In Carmel High’s Auditorium, Will rages that the vandalism is “completely unacceptable. I can handle insubordination, but this isn’t about me. This is about teaching you to act like human beings!” That, he says, is more important than winning competitions, but Clint cuts him off to say that they all know Will is “too soft for this job” and has a “loser mentality.” Well, yeah, didn’t you hear their “Loser Like Me” song from way back when? “You know who didn’t give a crap about being kind? Lewis and Clark! George Patton! Paul Anka!” Heh. “I don’t want to be decent or liked. I want to be a champion, and this is how it’s done!” He’s willing to risk being called a bad guy if it means success, because as “every person on the planet knows, winning is everything!” This gets cheers from the other students, and Will sighs. “We will win Nationals, but we will win in the right way,” he says. But Clint isn’t done, and tells Will that he (Will) doesn’t belong at Carmel, that none of them like him, that they make fun of his vests and pep talks behind his back and that he’s a joke. “The joke’s on you, Clint,” Will smirks. “You’re off the team.” “You can’t kick me off the team!” Clint protests. “I am the team!” But will is unfazed. “Get out. Now.” Clint looks stunned and walks out. And really, Clint, if you don’t start relaxing, I’m going to start writing your name in all capital letters so that it more resembles your personality. And scene.

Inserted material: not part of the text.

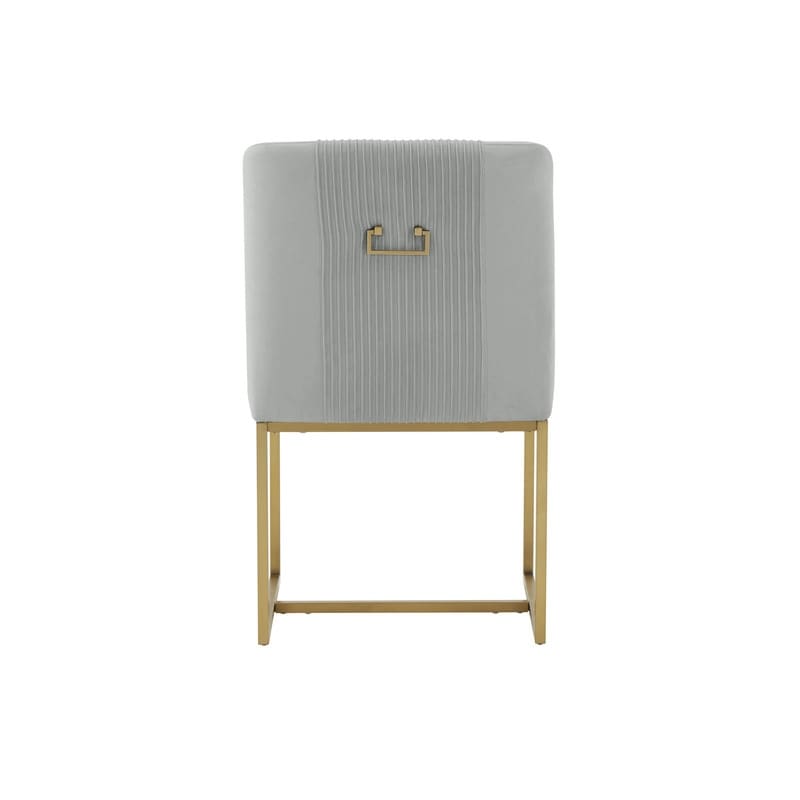 Lisa Pleated Velvet Dining Chair By Inspire Me! Home Decor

At Chez Schuester, Will is repairing the fancy stroller that, apparently, has broken after its first week of use. Emma calls him into bed—“But take a shower first because you’re touching that wheel that touched the ground.” And what the hell is Emma wearing? It looks more like a Disney princess dress than a nightgown. Seriously, is she about to break into “Let It Go?” Anyway, Emma realizes that Will is upset because he’s “talking in your angry man voice,” and Will laments his rock-and-hard-place position with his job: He loves teaching show choir and he loves all the perks and the money, but he hates the kids and their awful values. Emma offers unconditional support and suggests he look for a job that makes him happier even if it means less money (“My pamphlet of the month club is starting to bring in some extra cash!”), but Will is also concerned about being able to provide for his family, noting that he knows some teachers who are on food stamps. And who can blame him? They’ll have to put little Danny through college soon, and do you know how much that costs these days? “You can be principled when you don’t have kids to feed and clothe,” he sighs, but Emma argues that having a kid means living up to your principles and setting a good example and being proud of your work. She’s not wrong, of course, but the money isn’t bad, either. (And how refreshing is it to have a wife care more about her husband providing a good example for a child rather than providing only material goods and money?)
In Rachel’s basement (someone dug that set out from Season Two!), Artie emcees the evening and calls up Mercedes and Roderick to sing Meghan Trainor’s “All About that Bass.” They have fun with the number and dance through the crowd, which sings along and dances. Sam and Rachel flirt over the punch, which Sam is drinking straight from the bowl. (Stay classy, Sam.) While the song goes on, Rachel and Sam disappear up the stairs. Whoo! Think anyone will notice that the hostess isn’t there?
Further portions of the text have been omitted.